== MATERIALS PROVIDED
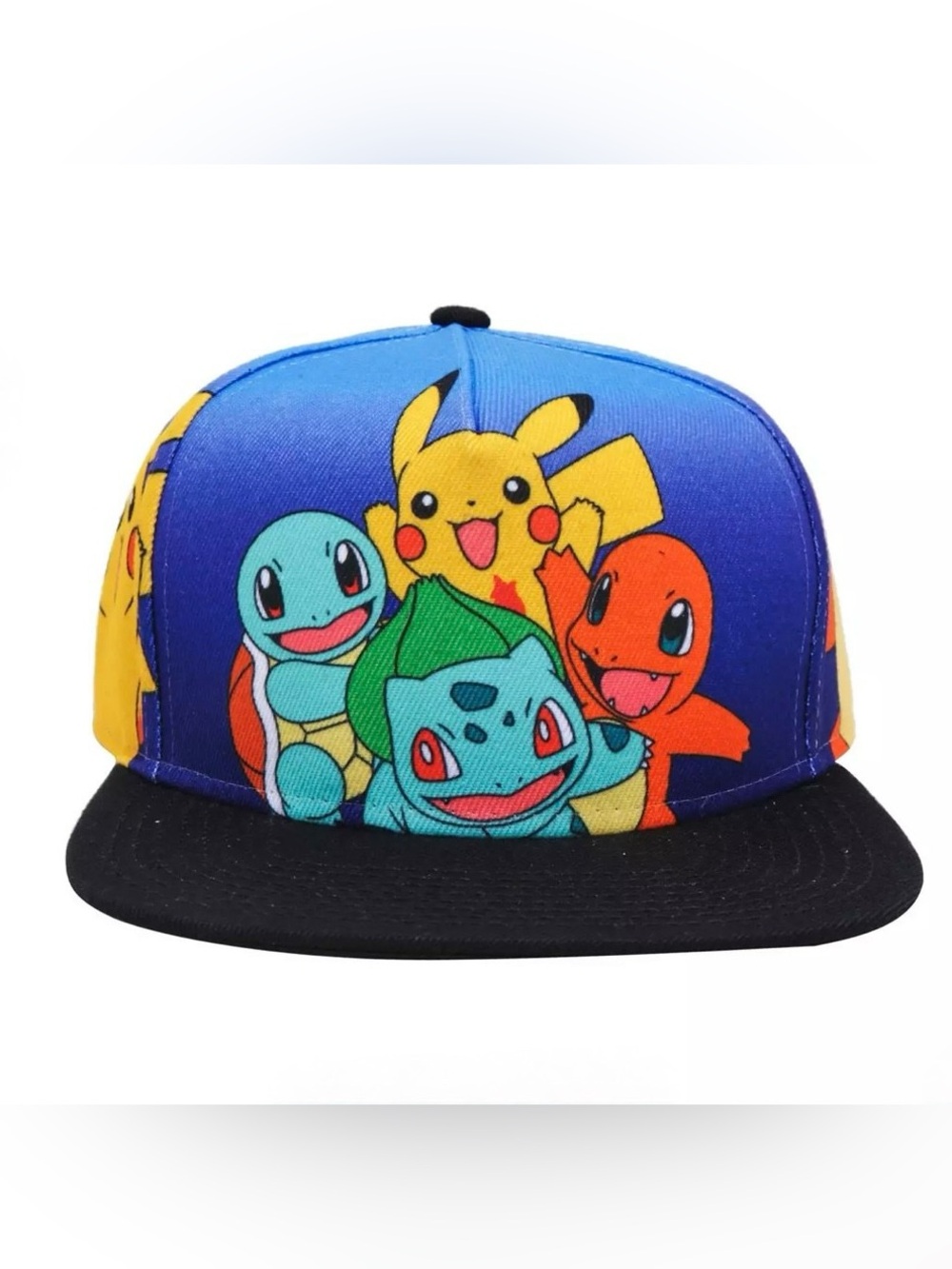 Pokemon Original Licensced 2016 Starters Blue Flat Bill Snapback Baseball Hat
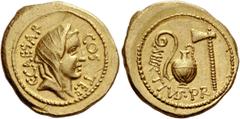 The Roman Republic C. Iulius Caesar and A. Hirtius. Aureus, Roma 46, AV 8.11 g. Description: C CAESAR – COS TER Veiled head of Vesta r. Rev. A·HIRTIVS·P·R Lituus, jug and axe. References: Babelon Juli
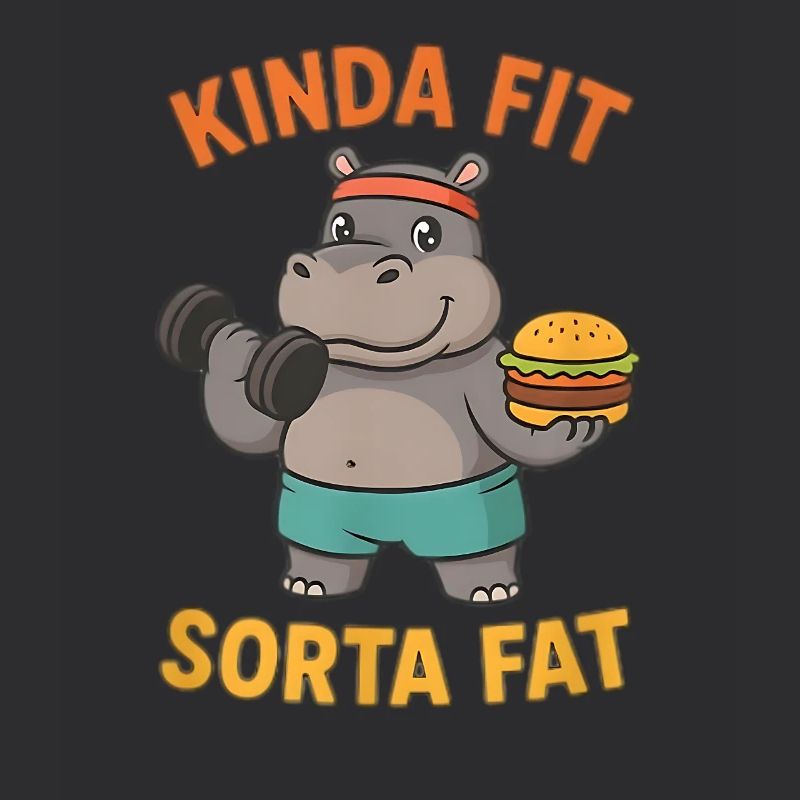 Kinda Fit Sorta Fat Funny Gym Cute Hippo Retro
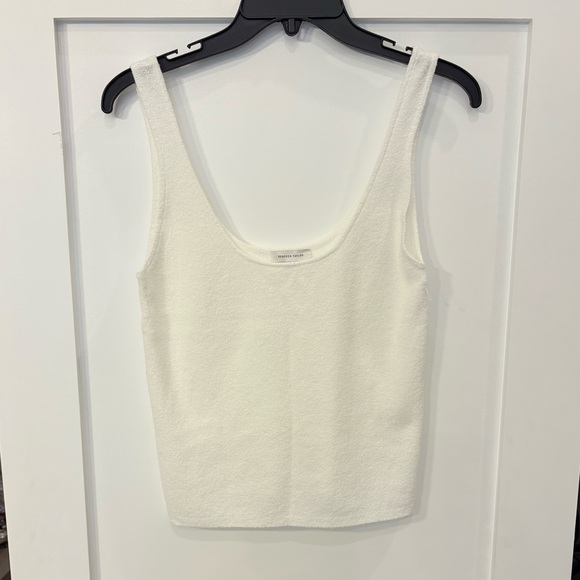 NWOT Rebecca Taylor Boucle White Textured Scoop Neck Tank Top Sleeveless Size S - Picture 6 of 9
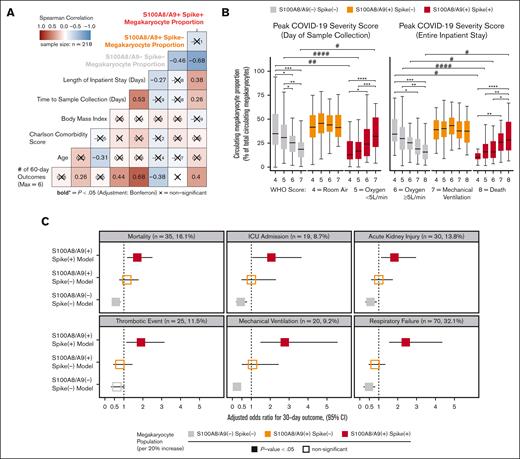 SARS-CoV-2–containing MKs are associated with mortality and severe adverse events in COVID-19. (A) Spearman correlation analysis of continuous candidate model variables and cumulative 60-day postadmission outcomes for each patient (respiratory failure, mechanical ventilation, acute kidney injury, thrombotic events, ICU admission, and death). Each patient was limited to the first occurrence of a given outcome, resulting in a cumulative outcome maximum of 6. Statistical significance was assessed using Spearman correlation with Bonferroni P value adjustment for multiple hypothesis testing between candidate variables (X = nonsignificant; bold text, P value < .05). (B) Analyses comparing the WHO scale of COVID-19 severity on the day of sample collection (left) and peak severity during the entire inpatient stay (right) vs the circulating MK frequency for each subpopulation (∗ indicates intragroup and # indicates intergroup; ∗/# = 0.05-0.01, ∗∗/## = 0.01-0.001, ∗∗∗/### = 0.001-0.0001, ∗∗∗∗/#### < 0.0001). (C) Multivariate logistic regression models showing the likelihood of selected 30-day outcomes per 20% increase in each MK subpopulation (3 models per outcome; age, body mass index, and preadmission Charlson comorbidity score covariables not shown). Bootstrapped 95% CIs (n = 1000 bootstraps) are denoted as a bar to the right and left of each corresponding adjusted OR square. Event rates for each outcome are shown above each set of models. Statistical significance was assessed using the Wald test and is denoted by solid or open squares. Outcomes were determined using ICD-10 billing codes from each patient encounter. See supplemental Table 1 and supplemental Figures 8-10 for a complete breakdown of outcome billing codes and supplemental Tables 2-4 for regression model details.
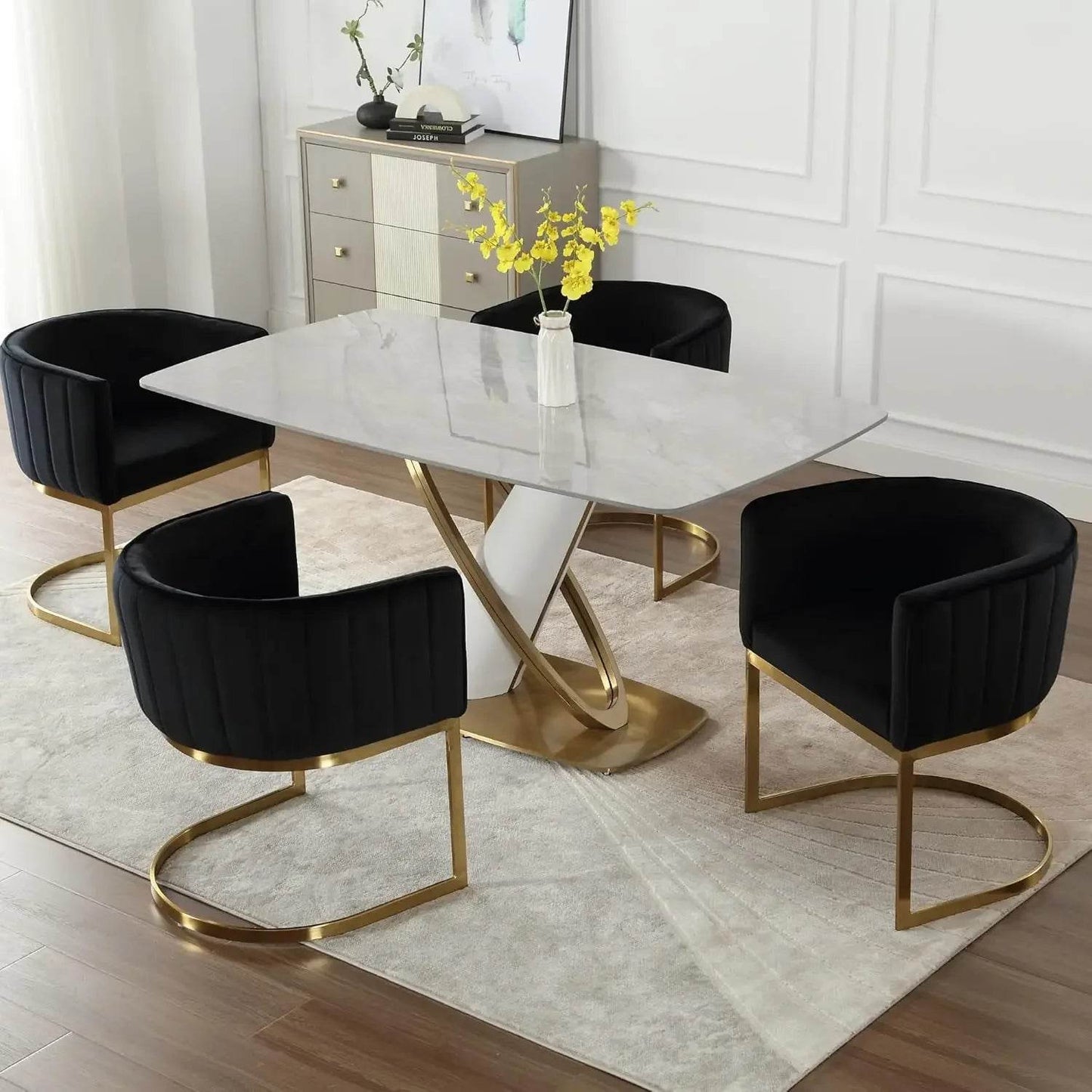 Dining Chairs Set of 4, Velvet with Metal Frame - Loft&Timber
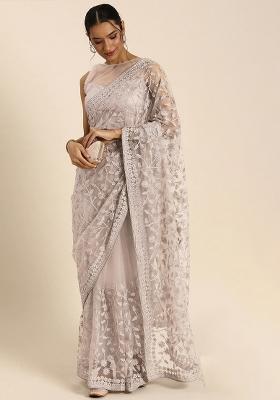 Beige Embroidered Net Saree Set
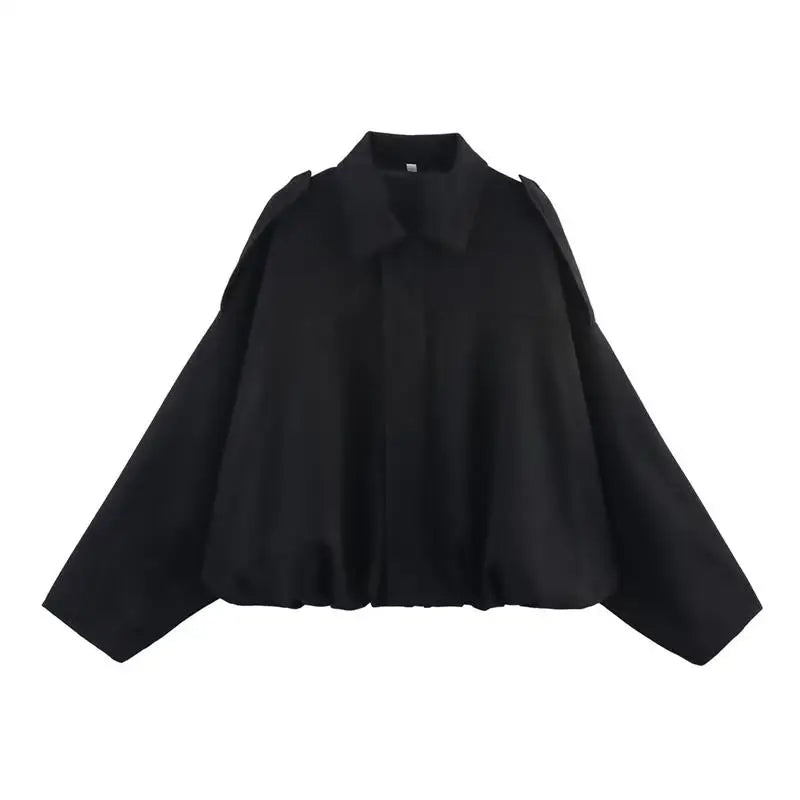 Elaris™ | Oversized Structured Gathered-Hem Jacket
====
■ PROMPT
After dropping the pictures, reproduce exactly the lines from the first line of the entries through the line containing "Beige Embroidered Net Saree Set", both included.

■ WRITTEN ANSWER
 Pokemon Original Licensced 2016 Starters Blue Flat Bill Snapback Baseball Hat
 The Roman Republic C. Iulius Caesar and A. Hirtius. Aureus, Roma 46, AV 8.11 g. Description: C CAESAR – COS TER Veiled head of Vesta r. Rev. A·HIRTIVS·P·R Lituus, jug and axe. References: Babelon Juli
 Kinda Fit Sorta Fat Funny Gym Cute Hippo Retro
 NWOT Rebecca Taylor Boucle White Textured Scoop Neck Tank Top Sleeveless Size S - Picture 6 of 9
 SARS-CoV-2–containing MKs are associated with mortality and severe adverse events in COVID-19. (A) Spearman correlation analysis of continuous candidate model variables and cumulative 60-day postadmission outcomes for each patient (respiratory failure, mechanical ventilation, acute kidney injury, thrombotic events, ICU admission, and death). Each patient was limited to the first occurrence of a given outcome, resulting in a cumulative outcome maximum of 6. Statistical significance was assessed using Spearman correlation with Bonferroni P value adjustment for multiple hypothesis testing between candidate variables (X = nonsignificant; bold text, P value < .05). (B) Analyses comparing the WHO scale of COVID-19 severity on the day of sample collection (left) and peak severity during the entire inpatient stay (right) vs the circulating MK frequency for each subpopulation (∗ indicates intragroup and # indicates intergroup; ∗/# = 0.05-0.01, ∗∗/## = 0.01-0.001, ∗∗∗/### = 0.001-0.0001, ∗∗∗∗/#### < 0.0001). (C) Multivariate logistic regression models showing the likelihood of selected 30-day outcomes per 20% increase in each MK subpopulation (3 models per outcome; age, body mass index, and preadmission Charlson comorbidity score covariables not shown). Bootstrapped 95% CIs (n = 1000 bootstraps) are denoted as a bar to the right and left of each corresponding adjusted OR square. Event rates for each outcome are shown above each set of models. Statistical significance was assessed using the Wald test and is denoted by solid or open squares. Outcomes were determined using ICD-10 billing codes from each patient encounter. See supplemental Table 1 and supplemental Figures 8-10 for a complete breakdown of outcome billing codes and supplemental Tables 2-4 for regression model details.
 Dining Chairs Set of 4, Velvet with Metal Frame - Loft&Timber
 Beige Embroidered Net Saree Set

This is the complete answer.